After leaving his home in the Arkansas Ozarks in 1919, Rosborough worked his way around the harvest and logging camps of the American and Canadian West, picking up his nickname along the way.
“Polly, (like) the parrot, ‘cause I was always talkin’. It’s been a good trade name.”
He settled in Chiloquin and was married once, for 13 years, but a lot of water has flowed down the Williamson since. On the walls of his work room and his parlor are old photos of a young girl with a serene and serious face.
“That young lady there was the finest fly tyer I’ve ever seen,” Rosborough said. “I started her working when she was 18, and she’ll be 40 her next birthday.”
Her name is Carol, and Rosborough taught her to tie flies.
“We were deeply in love. I was 47 years older, or we would have gotten married. I didn’t have the heart to do it because I felt it would destroy her. Her father and grandmother would have raised hell.

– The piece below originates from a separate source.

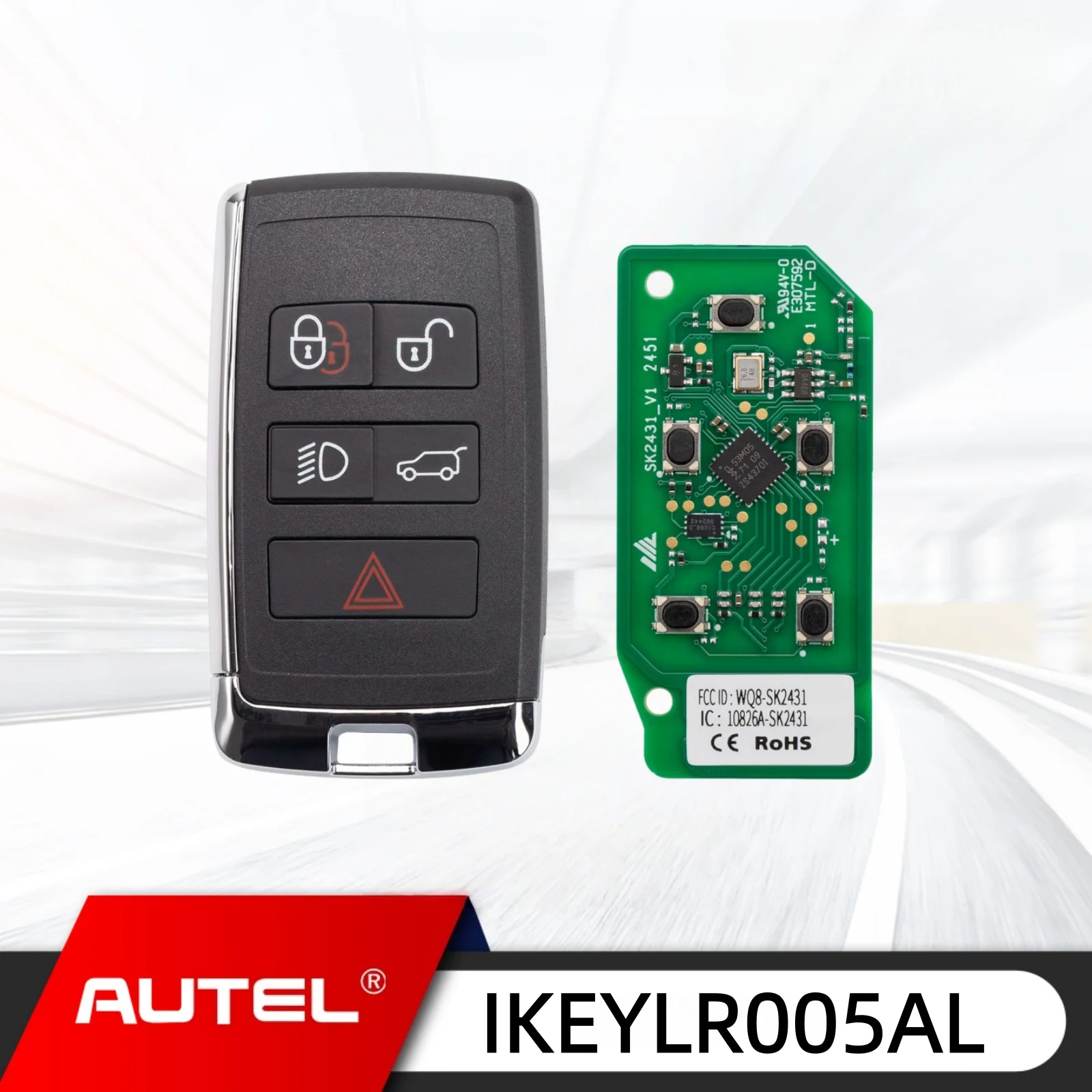

Autel IKEYLR005AL, 1 шт., подходит для смарт-ключа Land Rover Style, 315/433 МГц, 5 кнопок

“I let her go to find somebody that would love her, give her children, and I couldn’t have asked for greater success.”
Rosborough has hundreds of friends, including the entire population of Chiloquin (750). He works daily from noon to 9, except when he finds time for fishing or prospecting.
“I never give myself a day off just to goof off,” he said.
He also is an amateur mineralogist, with high hopes for a recent silver find in the Oregon Cascades.
Next year he will be recognized in a calendar featuring 12 of the top American fly tyers. As a pioneer of a distinguished profession, he someday will be elected to the Fly Fishing Federation Hall of Fame, his name revered forever.
“That is the most valuable thing I have,” he said. “We’re just beginning to be appreciated.”